Na mundialu w 1962 w Chile obie reprezentacje trafiły do tej samej grupy, a konfrontacja zakończyła się bezbramkowym remisem. Po ośmiu latach mistrzostwa rozgrywane były w Meksyku. Tam Włosi pokonali Niemców po widowiskowym półfinale. Od 8 min. prowadzili niebiescy i powinni byli wygrać mecz w regulaminowym czasie gry, ale Niemcy wyrównali w 90 min. Dogrywka okazała się jeszcze bardziej emocjonująca. Muller strzelił dla swojej drużyny dwie bramki, jednak Włosi odpowiedzieli trzema trafieniami.
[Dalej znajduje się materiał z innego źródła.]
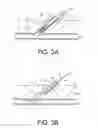Fig. 04 - Apparatus and methods for facilitating hemostasis within a vascular puncture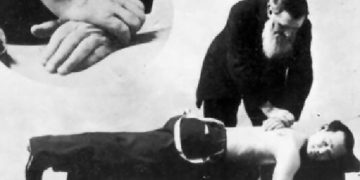 Chiropractic & it’s History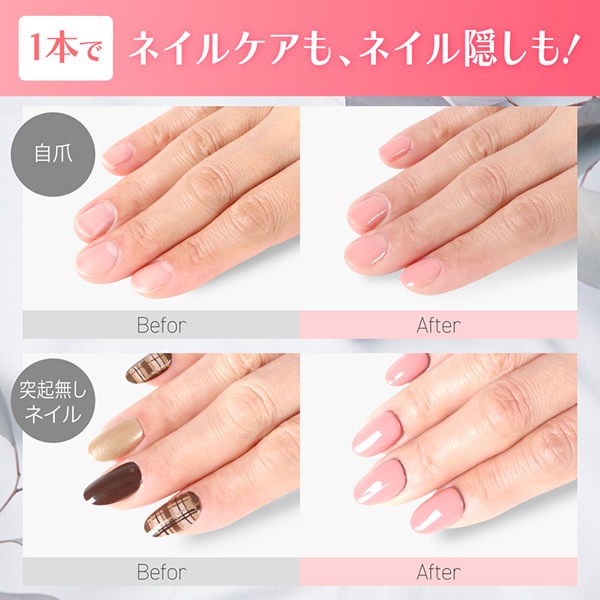 ����ե�ͥ���avenue �Ϥ�����ͥ����ѥ��󥷡��顼 �ͥ��� ���� �ͥ���NG �ͥ��륱�� ���� �ܵ� ������� �� ����ե顼���� ���ǡ�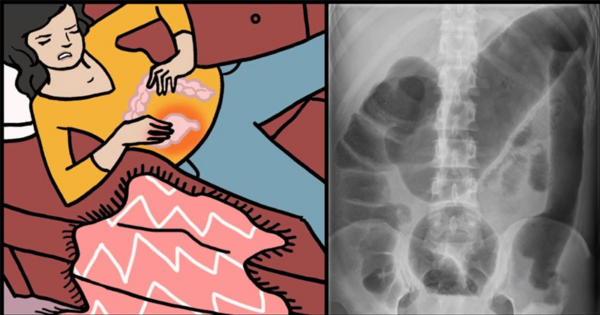 Toxic megacolon: 6 alarming signs and symptoms of this life-th.r.e.a.t.e.n.i.n.g condition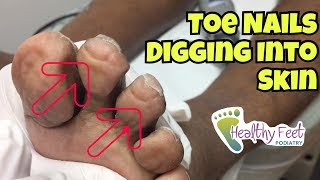 Nails Curling Into Toes  Nail Trimming for Diabetic Ingrown Nails at the Ends of the Toe [upl. by Aerdnaek]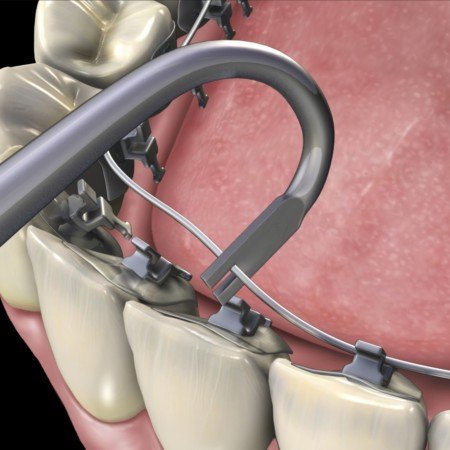 CAT Lingual Wire Tucker U Shape - Libral Traders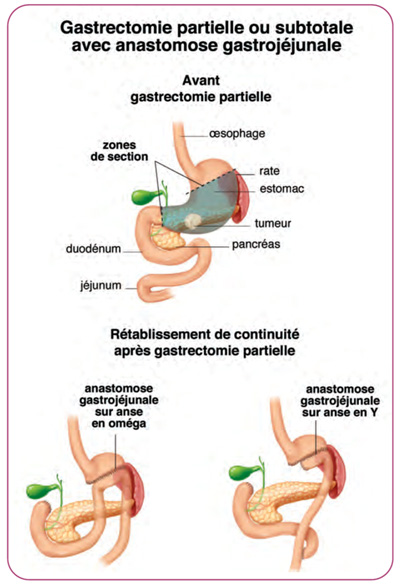 Gastrectomie partielle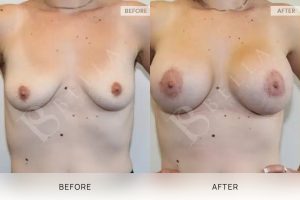 Breast Lift (Mastopexy) + Implants Patient 02 2 Breast Lift (Mastopexy) + Implants Patient 02 - 2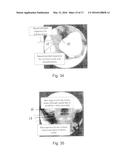 SACROILIAC FUSION SYSTEM diagram and image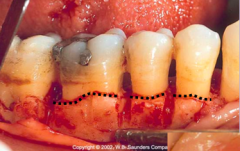 abnormal gingival and/or osseous marginal contours; commonly not parabolic in form with the inter proximal tissue located in an abnormally apical position 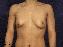 Breast Augmentation Picture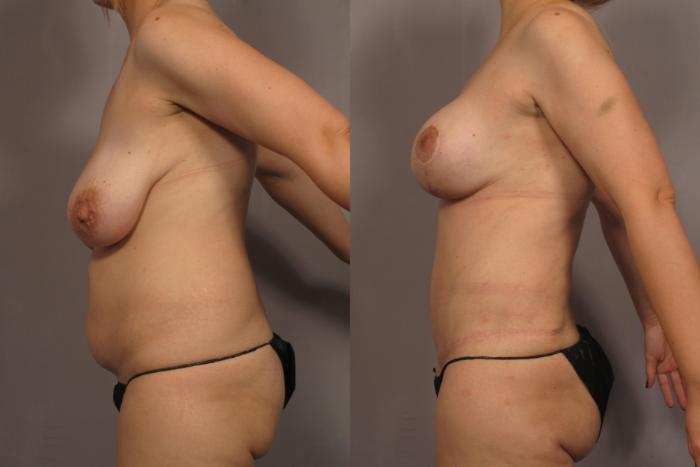 Before Mommy Makeover, Left Side View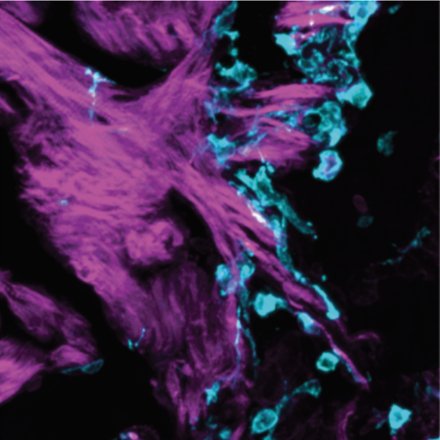 Our #SpotlightZebrafish this week is a special 🌟double feature🌟highlighting Dr. Florian Constanty (<a href="/FlorianConst/">Florian Constanty</a>) and Bailin Wu (<a href="/BailinW40848/">Bailin WU</a>) of the <a href="/ABeisaw/">Arica Beisaw</a> Lab <a href="/UniHeidelberg/">Uni Heidelberg</a>. They investigate the molecular and cellular mechanisms regulating cardiomyocyte invasion of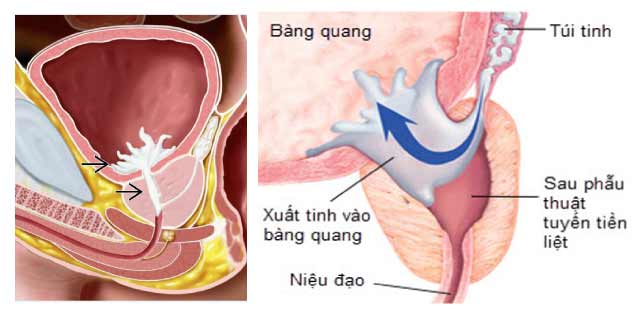 Xuất tinh ngược dòng, khi nào cần đến gặp bác sĩ? - Ảnh 1.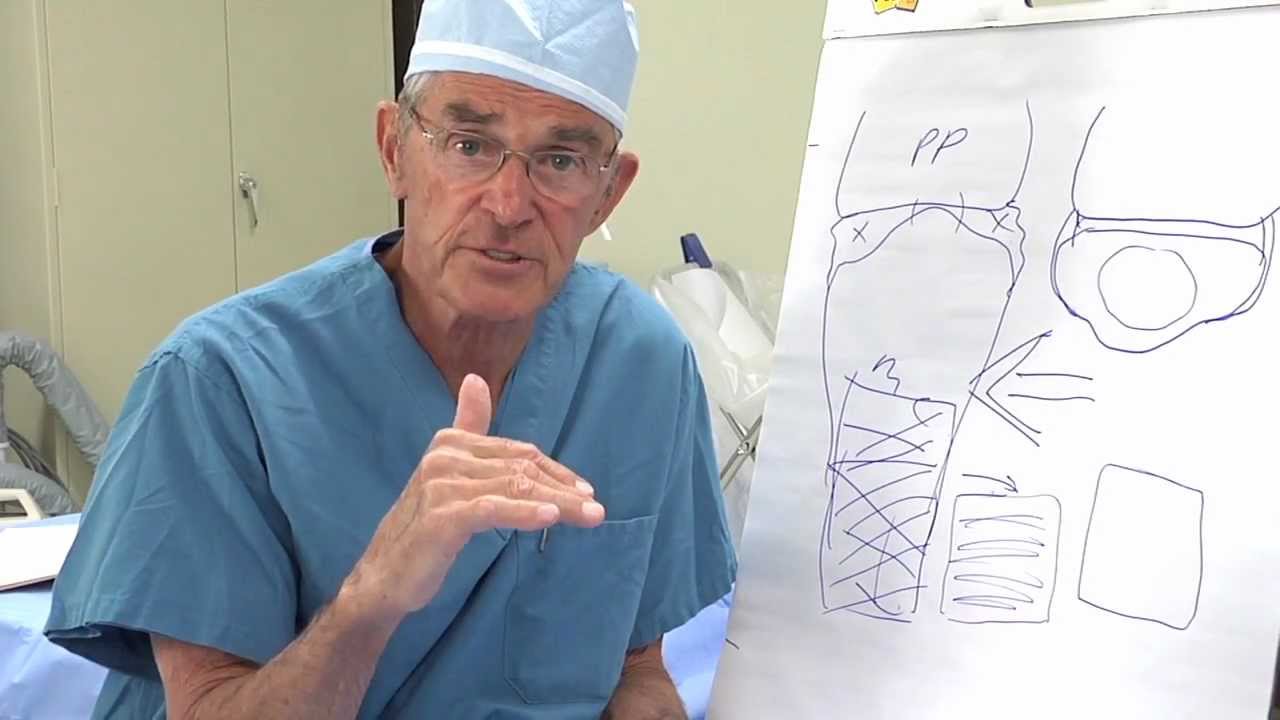 Protected Position of the Hand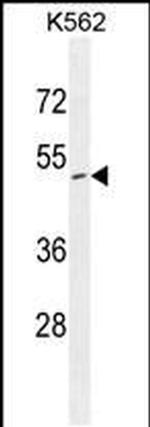 ZNF517 Antibody in Western Blot (WB)
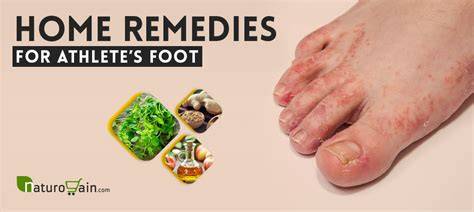 What Cures Athlete's Foot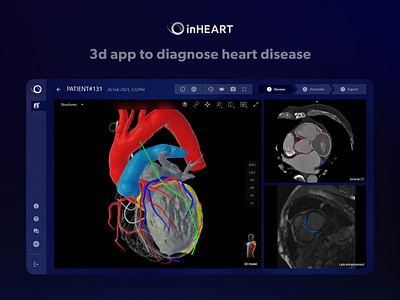 3D Visualization Medical App 3d dark theme health interaction medical ui ux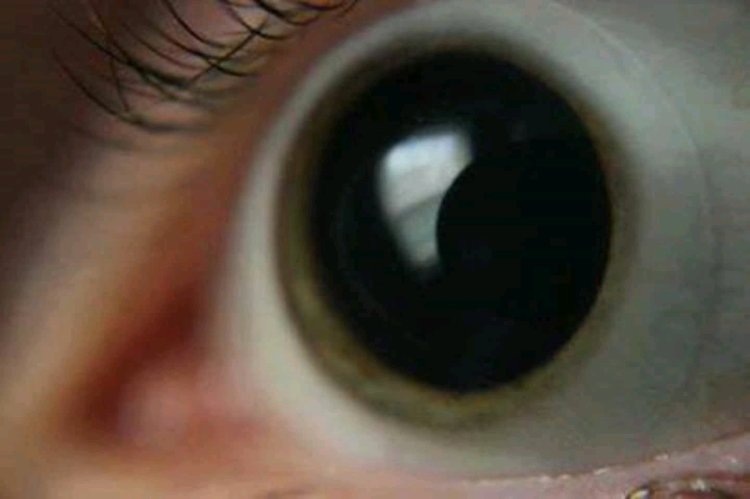 Зрачок человека расширяется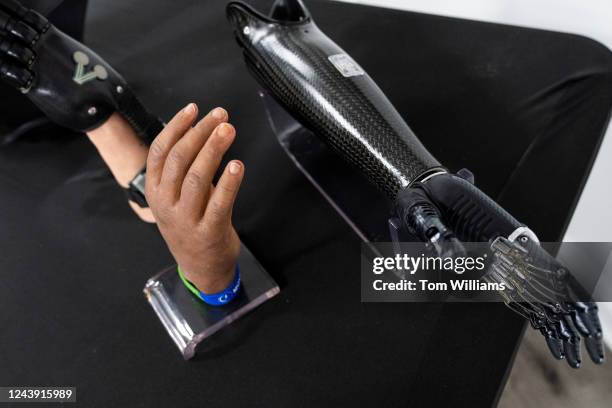 Hand Prosthetic Using Spring's United Prosthetics Inc Photos and Premium High Res Pictures - Getty Images
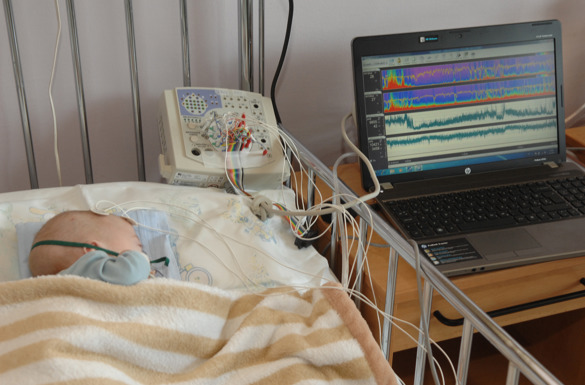 Klinika za dječje bolesti Zagreb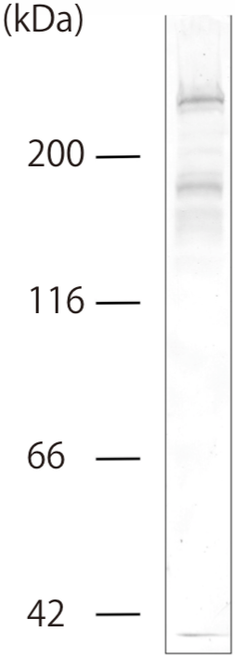 Figure 1. Western Blotting.Concentrated conditioned medium prepared from BMGE+H cells was immunoblotted with BML39 antibody (1:50 dilution). BML39 antibody detected type-7 collagen as a band at approximately 300 kDa (full-length) and degraded fragments around 170 kDa Conditioned medium was concentrated by ammonia sulfate precipitation as described previously (ref. 2). Polypeptides were separated by SDS-PAGE (7.5%).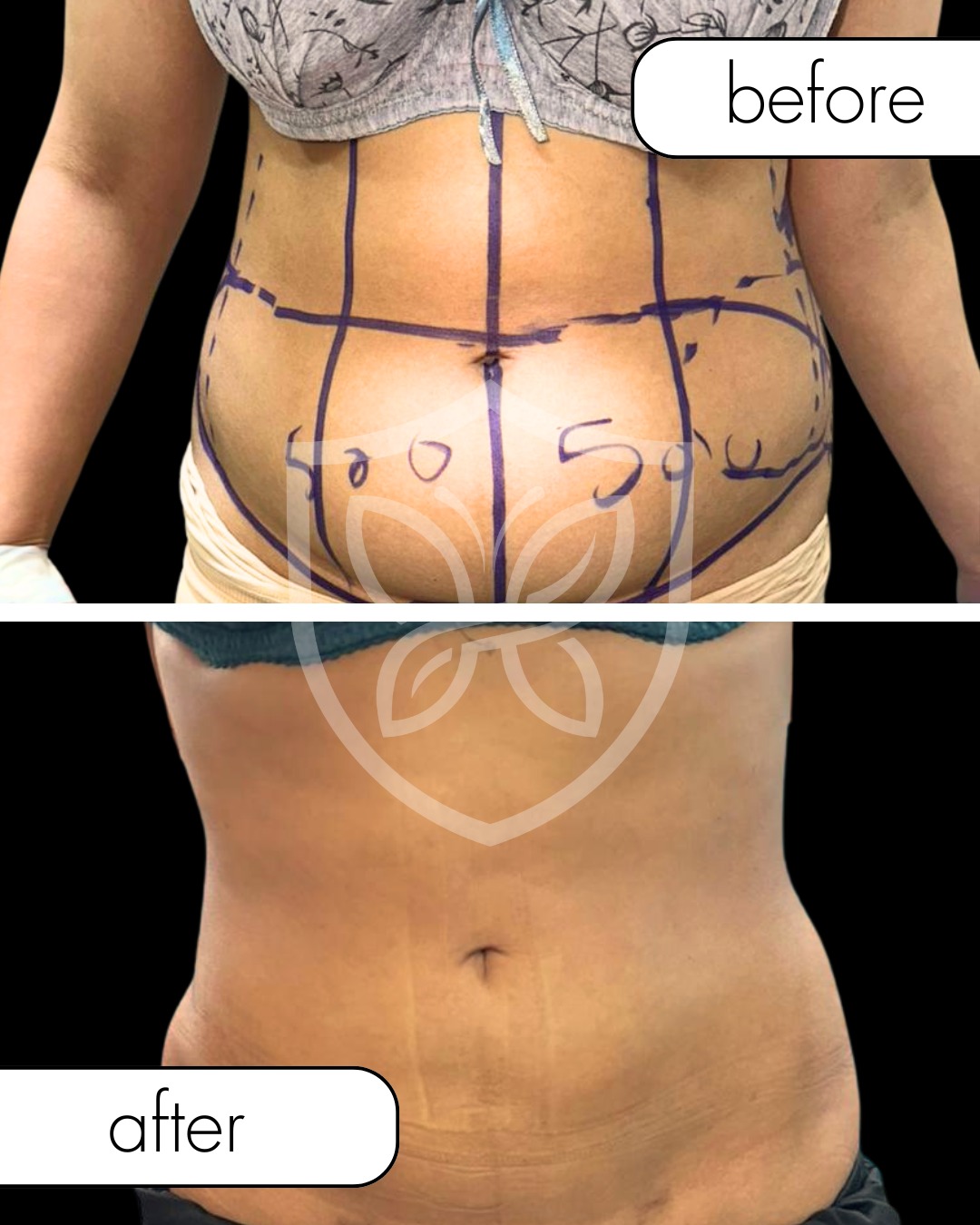 Body Contouring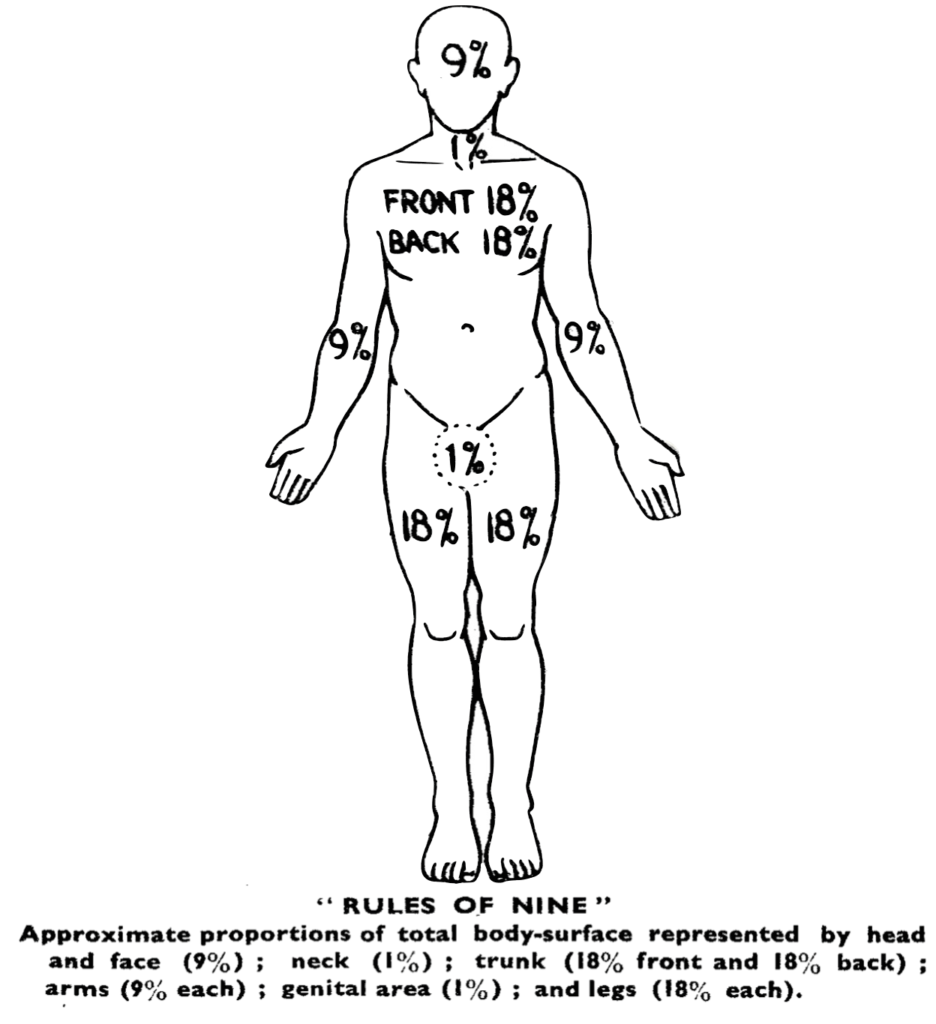 Wallace Rules of nine 1951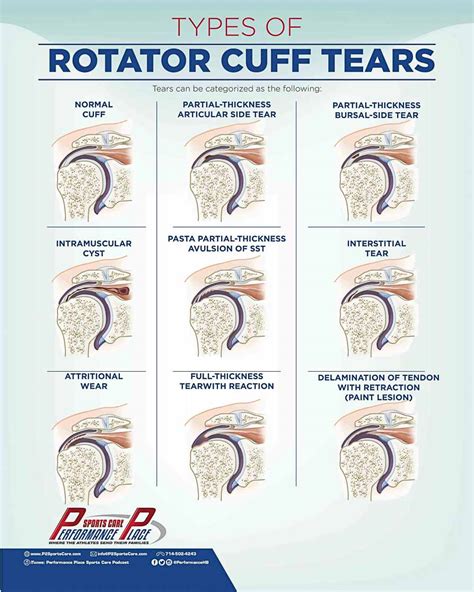 Diagram Diagram Of Rotator Cuff Tear Mydiagram Online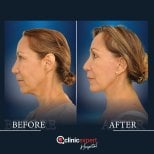 Facelift before and after results at CE International Hospital – visible facial rejuvenation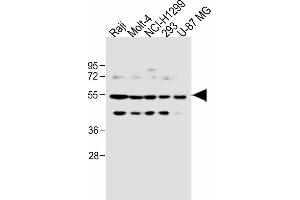 All lanes : Anti-PFKFB4 Antibody (Center) at 1:1000 dilution Lane 1: Raji, whole cell lysate Lane 2: Molt-4 whole cell lysate Lane 3: NCI- whole cell lysate Lane 4: 293 whole cell lysate Lane 5: U-87 MG whole cell lysate Lysates/proteins at 20 μg per lane. (PFKFB4 antibody  (AA 266-296))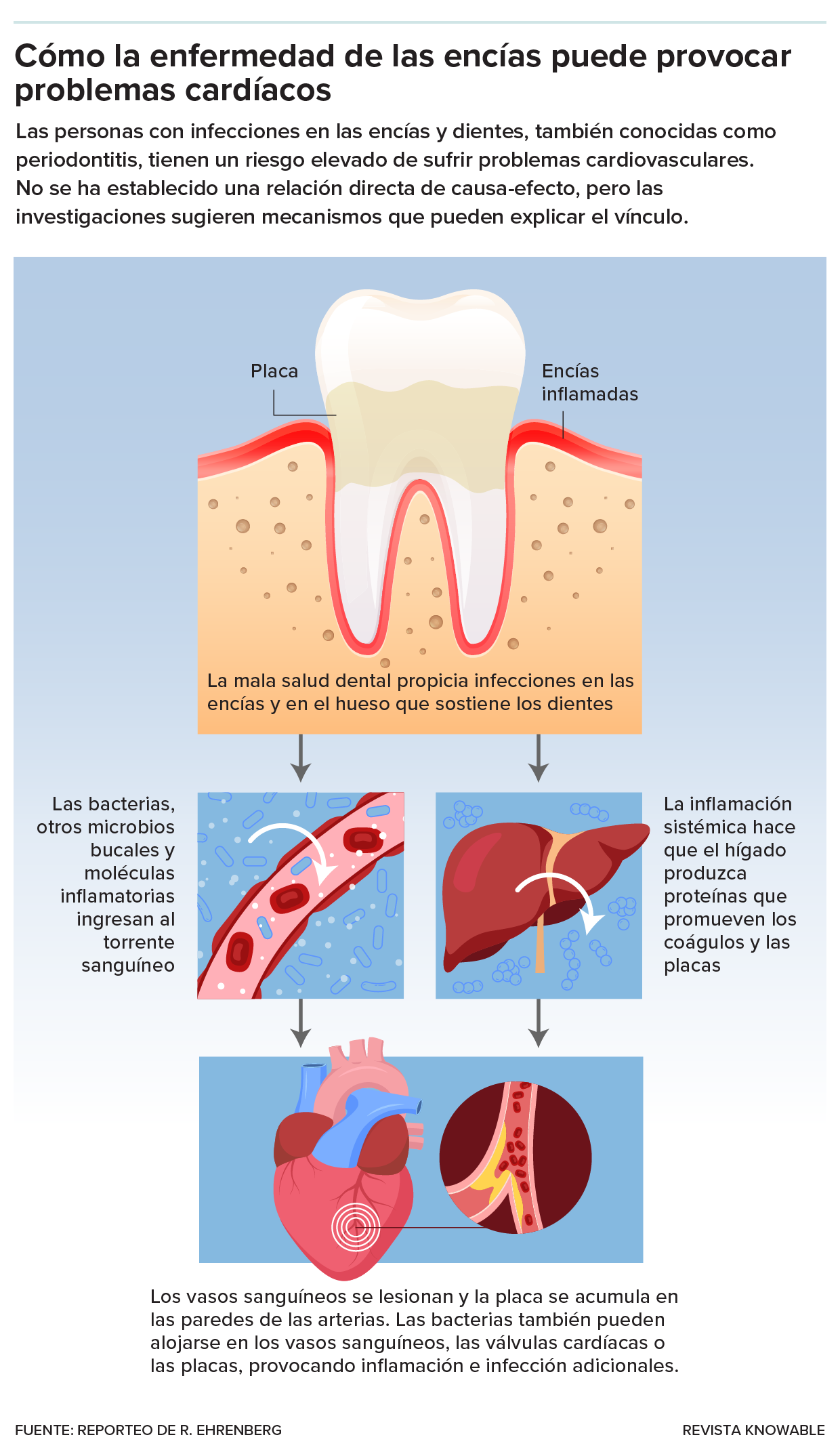 El gráfico muestra cómo la inflamación crónica en la boca y las bacterias orales podrían provocar problemas cardiovasculares.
Wszystkie pięć goli padło między 94 a 111 min. Mecz zakończył się wynikiem 4:3 dla Squadra Azzurra i to Italia awansowała do finału.
W 1978 r. w Argentynie po raz kolejny oba zespoły zagrały ze sobą w grupie, remisując 0:0. Na mundialu w Hiszpanii w 1982 r. Włosi i Niemcy spotkali się w meczu finałowym. Na pierwszą bramkę kibice czekali do 57 min.. W 81 min. Włosi prowadzili już 3:0. Przybitych Niemców stać było jeszcze na honorowe trafienie Breitnera, ale po tytuł sięgnęła Squadra Azurra.
Na euro Niemcy i Włosi spotykali się dwukrotnie, w 1988 r. i w 1996 r. Były to mecze grupowe zakończone remisami 1:1 i 0:0. Ostatnie starcie gigantów światowej piłki miało miejsce w 2006 r. Niemcy byli gospodarzami mistrzostw świata. Półfinałowy pojedynek był niezwykle zacięty i obie drużyny szczelnie broniły dostępu do swojej bramki. W regulaminowych 90 min. nie było bramek. Podobnie wyglądała niemal cała dogrywka. Rozstrzygnięcia padły w ostatnich dwóch minutach. W 119 min do siatki trafił Grosso, a minutę później Del Piero dobił gospodarzy turnieju.
Dotychczasowa historia spotkać oby drużyn jednoznacznie wskazuje na Włochów jako faworytów dzisiejszego meczu. Czy Niemcy pozbędą się włoskiego kompleksu? O tym przekonamy się dziś wieczorem. Mecz zostanie rozegrany o 20:45 na Stadionie Narodowym w Warszawie.